The Refreshment Rooms in the 1880s
The Refreshment Rooms (CH42 1LS) was built in the 1870s to cash in on the trade from the adjacent Rock Ferry when ferries were the only way for the public to cross the river Mersey until the underground rail tunnel was drilled. The imposing Royal Rock Hotel over the road was well known in the region and the prestigious Royal Mersey Yacht Club, whose current patron is the Duke of Edinburgh and members include King Harald of Norway, is just 50 yards away.

However, the construction of the 1st Mersey Tunnel did for the outlying ferry routes. Later in the 20th century the Tranmere Oil Terminal ruined the view across the Mersey, as it still does, and even worse, a late 60s act of planning vandalism, the Rock Ferry by-pass, decimated the adjacent Rock Park estate of 18th century merchant's mansions. The Admiral had previously been 400 yards from the nearest railway station, bus stops and shops but the replacement road bridge over the by-pass took a tortuous route leaving the pub in a backwater.

Not the most inspiring river view even after I've cropped the worst bit.
The pub still  did reasonably well for a number of years, partly because it's secluded position, close to but somehow cut off from the rest of the community gave it a special atmosphere, but it struggled like many other pubs in recent years before it closed, seemingly for good.

Re-opened by new owners who have a track record of rejuvenating tired pubs; a mixture of cask beers, good value food, live music and discouraging unruly elements has worked well and the pub is doing very well. Lees have funded the beer engines and provide three beers, and other beers are usually sourced from local favourites Brimstage and Liverpool Organic.

A recent visit on a Sunday afternoon showed a reasonable numbers of punters at the bar and families dining, with a good proportion of the custom female so the pub seems to be back on it's feet.

By the way, anyone who's aware of Duffy's CD 'Rockferry' may like to know that it is named after this Rock Ferry. She has family in the area and has fond memories of visits here. Her Auntie Mo works for the same company as I do.

Saturday, 22 December 2012

Bah Humbug!

Contrast our miserable Nannyist state's 'Don't exceeed the recommended units', 'Don't drive the morning after a night out' and Don't forget that public transport ceases to exist at Christmas' messages with Belgium, where I spent a very pleasant time last weekend.

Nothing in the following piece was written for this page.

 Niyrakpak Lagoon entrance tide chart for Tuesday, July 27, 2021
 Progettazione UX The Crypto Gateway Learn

Over there, the conspicuous consumption of ultra-strong Christmas beers, gluhkriek and jenevers is almost compulsory and trains, buses and trams run 365 days a year. They even lay on extra buses after midnight on New Year's Eve to take the revellers home to their outlying villages. Just like they do in the U.K. (I wish).

Friday, 7 December 2012

Rose & Crown, Bebington

The Rose & Crown in Bebington Village is a Thwaites pub about a mile and a half from my house. It was my (very) regular for over 25 years. My first  visit was after my last day at Wirral Grammar School and from then on I could be found there on most days of the week listening to the juke box and playing darts. I captained the darts team and couldn't imagine it not being my local until marriage started to gradually curtail pub visits - as it does. It sold just two cask beers; Bitter and Mild, but in vast quantities.

It was a fixture in the GBG for over 20 years until changes in management and the perception that Thwaites' had lost their way took their toll. Still a very popular drinkers' pub (no food) the beer quality nowadays is pretty good and seasonal beers plus the odd guest have spiced up the range.

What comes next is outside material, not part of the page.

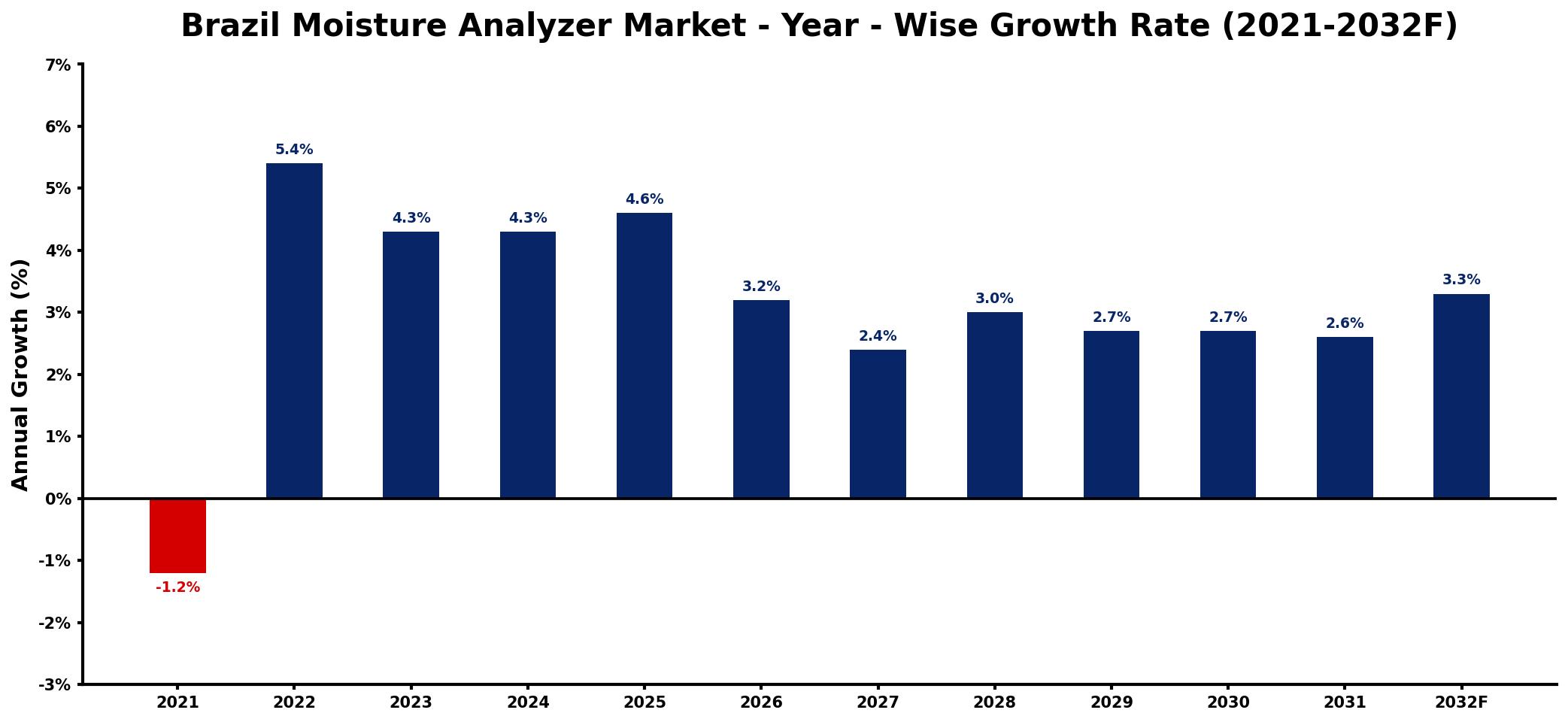 Brazil Moisture Analyzer Market Year-wise Growth Rate and Key Drivers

Finally getting to the point of this post, it's had a bit of a spruce up recently. Thwaites have been spending a few bob on their pubs and rolling out a new corporate image. You can see the difference  between the investment by the traditional pub-owning brewers and the total lack of it by most of the Pubcos who extract vast sums from their leaseholders while giving little or nothing back in return.

Anyway, it looks pretty smart externally and internally. Who pays you may ask? Amazingly, not the drinker. Thwaites Bitter which was £2.50 a pint previously is now down to £2.25!